L'entreprise gazière demande depuis 2004 des hausses exponentielles qu'elle fonde sur l'envolée des cours du pétrole. Mais, comme toujours, avec les effets d'affichage, ce n'est qu'un angle de vision.
La vérité, c'est que, d'ici à 2010, vous voulez, dans la continuité des gouvernements précédents, faire plaisir aux marchés financiers. Vous utilisez le tarif comme un moyen de puissance publique pour le faire progressivement.
Bientôt, le tarif ne sera plus qu'un ersatz, un fantôme, mais le décret de privatisation de Gaz de France étant publié, le démantèlement sera finalisé.
Les « clients » subiront directement les décisions de MM. Poutine et Medvedev, au sein de Gaz de France ou ailleurs.
Je rappelle, tout de même, que les bénéfices de Gaz de France augmentent en même temps que les tarifs. Ces bénéfices s'élèvent aujourd'hui à trois milliards d'euros par an, nous dit-on.
Et en effet, pour les actionnaires, tout va bien ! Cotation, privatisation, dénonciation des tarifs : tout est bénéfice pour les actionnaires privés. Je ne parle évidemment pas des plus petits d'entre eux, qui ne détiennent pas 2 % du capital - salariés inclus - et n'ont aucun pouvoir de décision.
Le récent rachat en bourse au prix fort d'actions de Gaz de France pour en faire monter le cours dans le cadre de la fusion avec Suez par M. Cirelli pour près d'un milliard d'euros entraînera une progression de 10 % des dividendes des actionnaires. On peut dès lors se poser la question : où iront les 1 à 5 euros supplémentaires que doivent débourser depuis le 1er janvier les millions de Français qui se chauffent au gaz ? Dans le développement de l'amont gazier ou dans la poche des actionnaires ? J'ai bien peur de connaître déjà la réponse...
Monsieur le rapporteur, vous nous proposez un texte qui, dites-vous à juste titre, n'a qu'une ambition mesurée, un texte transitoire. Il n'empêche, votre texte met singulièrement l'accent sur tous les dysfonctionnements actuels, alors que nous avions un système stable, efficace, fiable et juste. Par-dessus tout, on ne peut s'empêcher de penser que l'année 2010, qui figure dans le texte, correspondra à un nouveau point de départ de la déferlante libérale.
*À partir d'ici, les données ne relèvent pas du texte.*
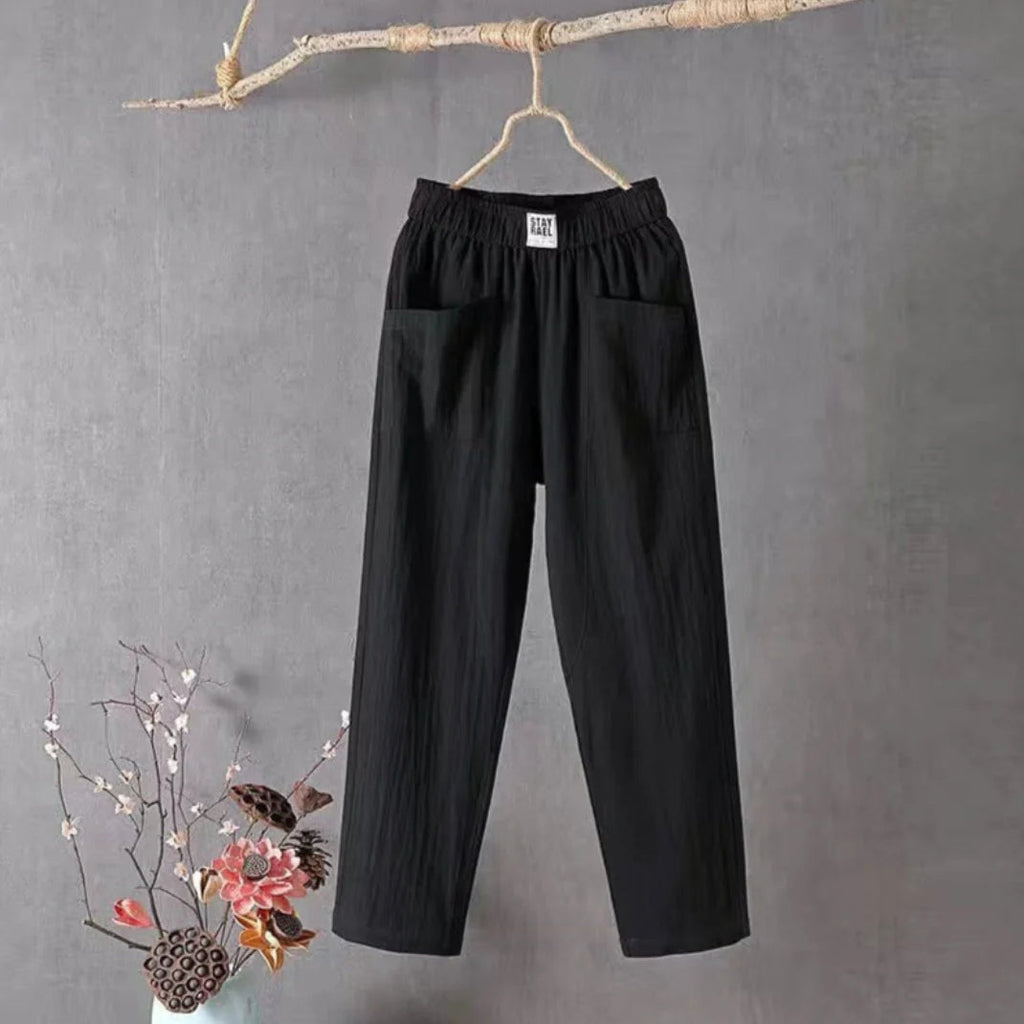Victoria | Casual White Trousers with Elastic Waistband - Lumina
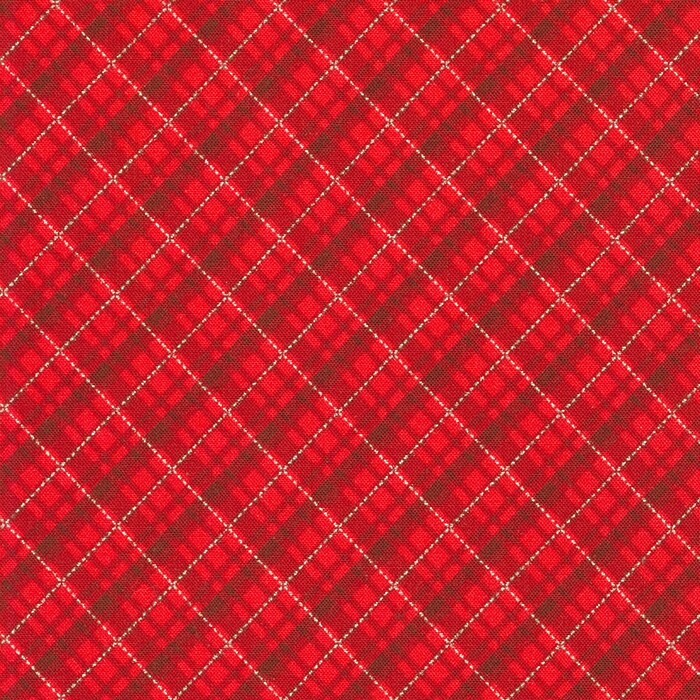 red plaid fabric with silver metallic accents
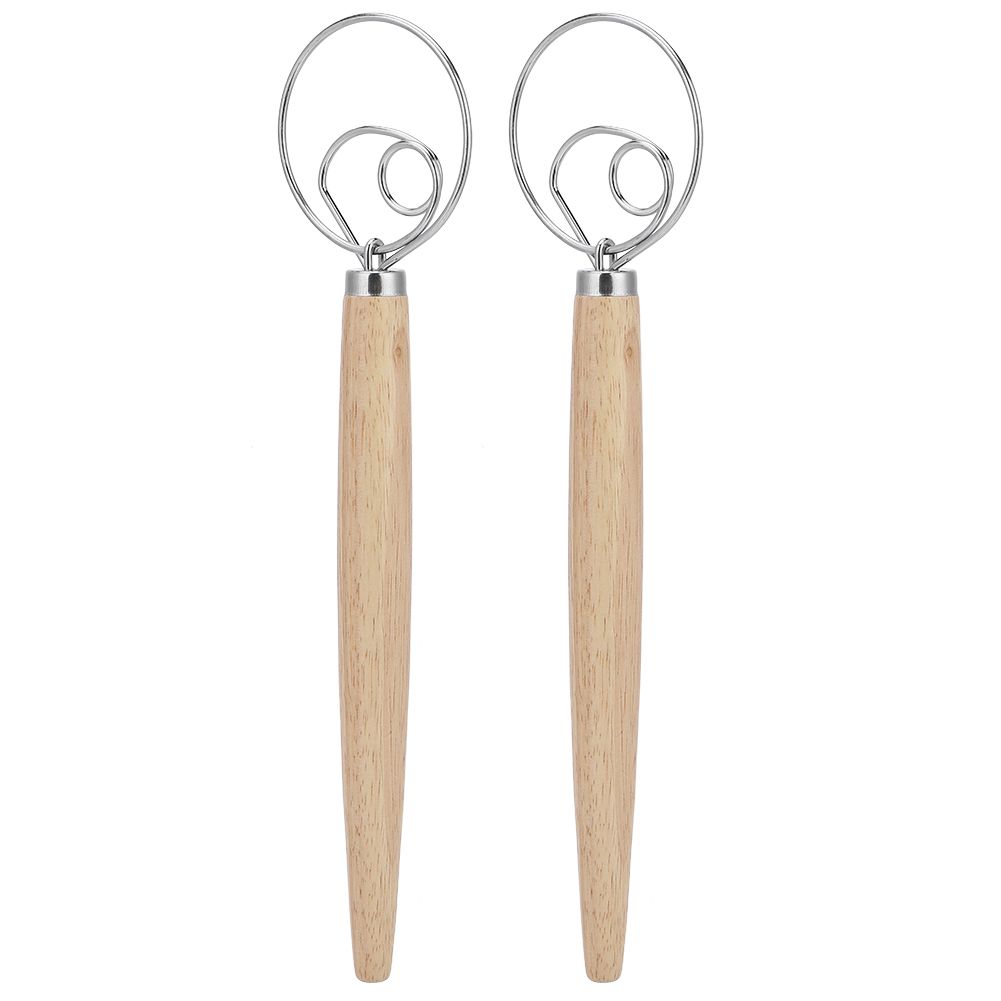 2Pcs Stainless Steel Dough Mixer Blender Manual Eggbeater with Oak Handle view 3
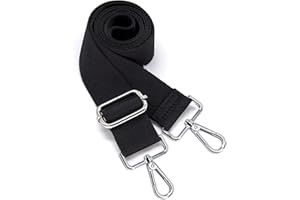 S&loyoe Thickened Solid Color Purse Straps Replacement Crossbody Bag Strap Adjustable Wide Guitar Straps for Handbags 1.5inch (Black silver buckle)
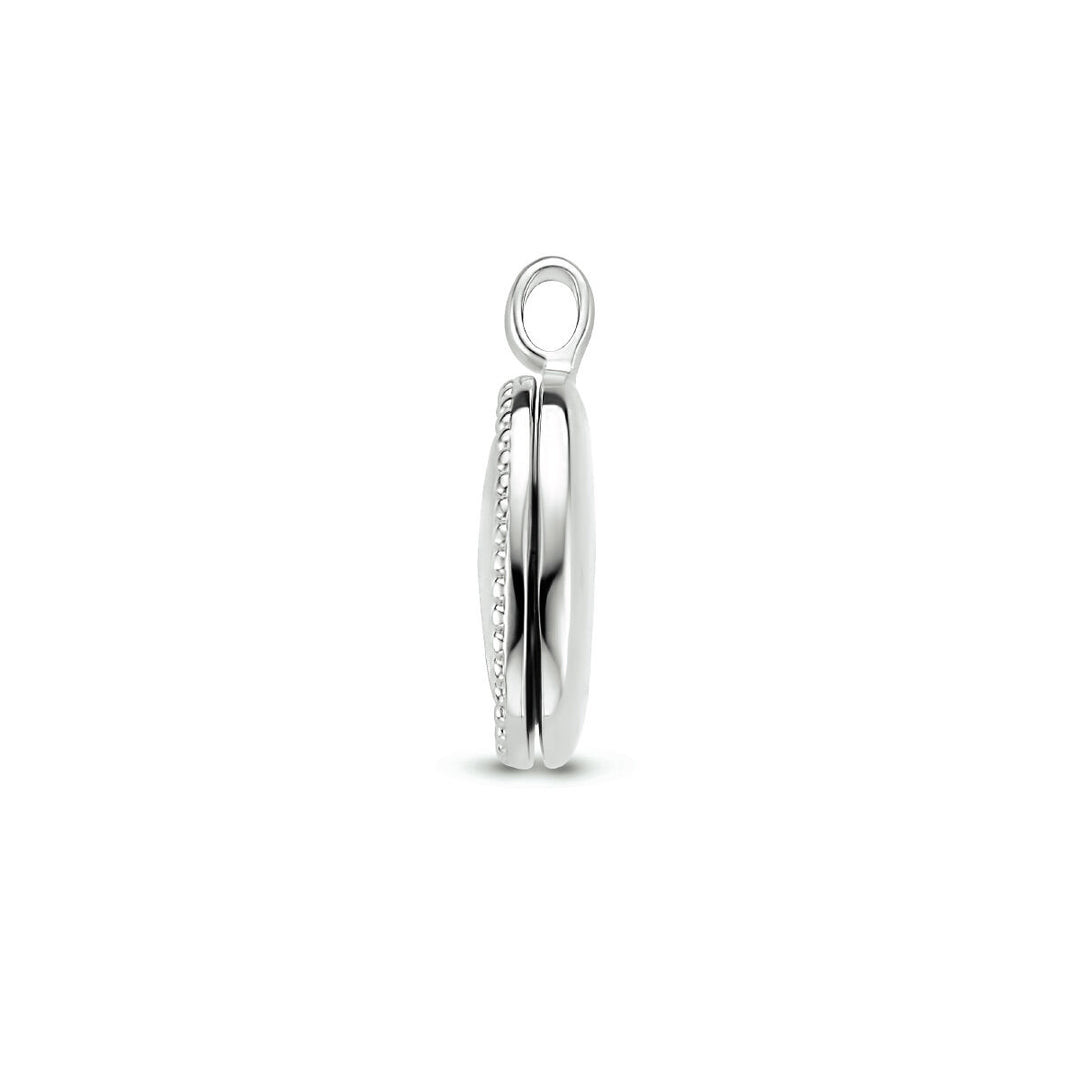 medaillon ovaal bolletjes zilver gerhodineerd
En lisant les débats à l'Assemblée nationale, on apprend du rapporteur que la date butoir du 1er juillet 2010 avait été fixée parce que l'année 2012, initialement envisagée, était celle de l'élection présidentielle et qu'il ne fallait pas rouvrir le débat en cette période. Quant à 2011, c'était encore trop proche. On croit rêver ! On pourrait ajouter que, 2010, cela permet de passer les élections municipales.
Traiter de la fin du tarif réglementé de cette manière laisse plus que perplexe. C'est pourquoi nous voudrions monsieur le secrétaire d'État, monsieur le rapporteur, que vous abandonniez cette date butoir.
J'ai bien entendu les raisons qui justifient ce choix, qu'elles émanent du Conseil dans son rapport ou de la Commission européenne. Toutefois, si, sur le fond, nous partageons le sentiment qu'il faut protéger le tarif régulé, ...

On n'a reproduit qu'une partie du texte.